The PRIMITIVE model is derived from and incorporates the PATH model, but adds 1-dimensional primitives (segment) to the collection of tables.

set.seed(39)
names(prim <- sc::PRIMITIVE(g))

## [1] "object"           "path"             "vertex"          
## [4] "path_link_vertex" "segment"

str(prim[c("segment")])

## List of 1
##  $ segment:Classes 'tbl_df', 'tbl' and 'data.frame': 16 obs. of  4 variables:
##   ..$ .vertex0: chr [1:16] "1c324154" "1c324154" "1c324154" "1c324154" ...
##   ..$ .vertex1: chr [1:16] "1c324154" "1c324154" "1c324154" "1c324154" ...
##   ..$ path_   : chr [1:16] "3ed7380e" "3ed7380e" "3ed7380e" "3ed7380e" ...
##   ..$ segment_: chr [1:16] "9ef7f4d8" "6438e89d" "e67be168" "60c3f8f0" ...
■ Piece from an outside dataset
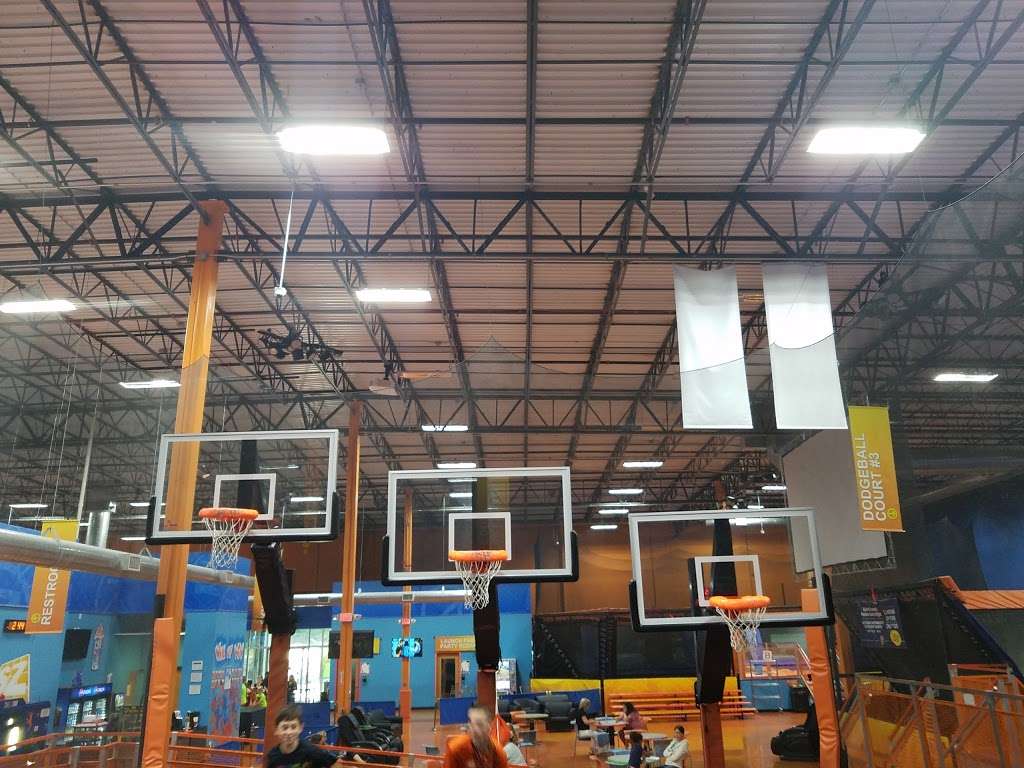 Sky Zone Trampoline Park | 111 Rodeo Dr, Brentwood, NY 11717 | Phone: (631) 392-2600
These representations provide a relational form stored in tables. This kind of data is usually stored as structural arrays, where the indexing is inherently related to the physical size of the vertex array (this is what an rgl object is). The segment table adds links to the first and second vertex of every line segment, and also records which path it belongs to. This is not the final design, since a segment can belong to multiple paths (albeit with a different orientation), and it is not clear how much one of these forms requires all of the path and primitive information together.

We can extract the topological information directly, because it’s actually stored explicitly within the data structures already.

library(dplyr)

get_shared_edge <- function(x, ...) UseMethod("get_shared_edge")
get_shared_edge.sf <- function(x, ...) {
  prim <- sc::PRIMITIVE(x)
  shared <- prim$segment %>% dplyr::select(.vertex0, .vertex1) %>% 
    mutate_all(funs("I" = as.integer(factor(.))))  %>% 
    mutate(edge_id = paste(pmin(.vertex0_I, .vertex1_I), pmax(.vertex0_I, .vertex1_I), sep = "_")) %>% 
    group_by(edge_id) %>% filter(n() > 1) %>% ungroup() %>% select(.vertex0, .vertex1, edge_id)
  
  ## use this information to generate sf output
  g0 <- shared %>% inner_join(prim$vertex, c(".vertex0" = "vertex_")) %>% split(.$edge_id) %>% 
    purrr::map(function(x) st_linestring(as.matrix(x %>% dplyr::select(x_, y_)))) %>% st_sfc()
  st_sf(a = seq_along(g0), geometry = g0)
}

shared_e <- get_shared_edge(g)

plot(st_geometry(g))
plot(st_geometry(shared_e), add = TRUE, lwd = 3, col = "dodgerblue")

op <- par(xpd = NA)
plot(st_geometry(st_cast(shared_e, "MULTIPOINT")), add = TRUE, col = "firebrick",cex = 4)

par(op)

Apply this idea to a more complex data set.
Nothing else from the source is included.